6月23日(木)夜、東京・豊島公会堂で、朝鮮学校への「高校無償化」を適用せよ!と求める集会が開かれました。朝鮮高校の生徒や朝鮮大学の学生をはじめ、若い人たちも大勢参加し、1000余人で公会堂は埋めつくされました。
 民主党菅政権の下で、朝鮮高校への無償化はついに年度内に適用されず、高校3年生たちと保護者たちは悔しい思いの中で卒業せざるを得ませんでした。その責任は私たち日本人にあります。主催団体の「『高校無償化』からの朝鮮学校排除に反対する連絡会」は、ねばり強く文科省や内閣府に要請や抗議行動を続けてきましたが、4月以降、新たに自治体の補助金の停止なども起きています。この理不尽なやり方にも抗議して集会はもたれました。

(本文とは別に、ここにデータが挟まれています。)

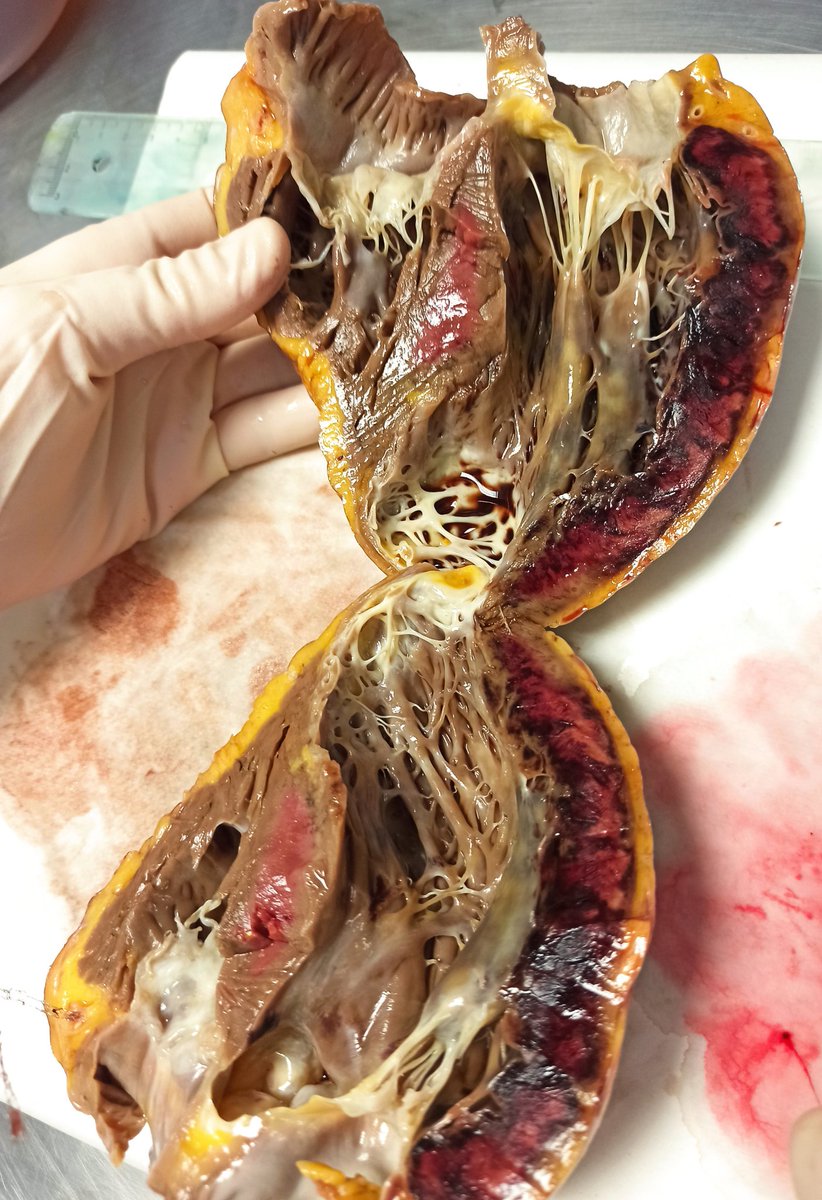 PatologiaH12O's tweet photo. Pieza de cardiectomía con infarto masivo en ventrículo izquierdo. https://t.co/na8fFWPa2d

 集会は、韓国からのビデオメッセージ、市民団体からの連帯アピール、朝鮮高校生、保護者、校長先生からの発言、提訴に向けたパネルディスカッションなど多彩で、意義あるものとなりました。今後、署名運動の継続とともに、裁判への提訴に向けて闘っていくことも確認されました。(T)

画像

 以下、皆さんの切実な訴えの一部要旨を紹介します。
■映画「ウリハッキョ」のキム・ミョンジュン(金明俊)監督
 韓国でも高校無償化や東日本大震災の被災者救援をやっている。高校無償化政策は朝鮮学校の人々にうれしい知らせだった。しかし、31校の外国人学校を認める一方で朝鮮学校のみ排除、その理由が朝鮮半島で起きた天安号事件やヨンピョンド砲撃事件などの政治的事件であったことに失望した。また東京、大阪、埼玉、千葉、宮城などで行われた教育補助金停止問題に到っては絶望感さえ持った。世界有数の経済大国である日本、第二位の軍事力を持っている日本が、子どもたちを相手にして政治をするとは卑怯なことだ。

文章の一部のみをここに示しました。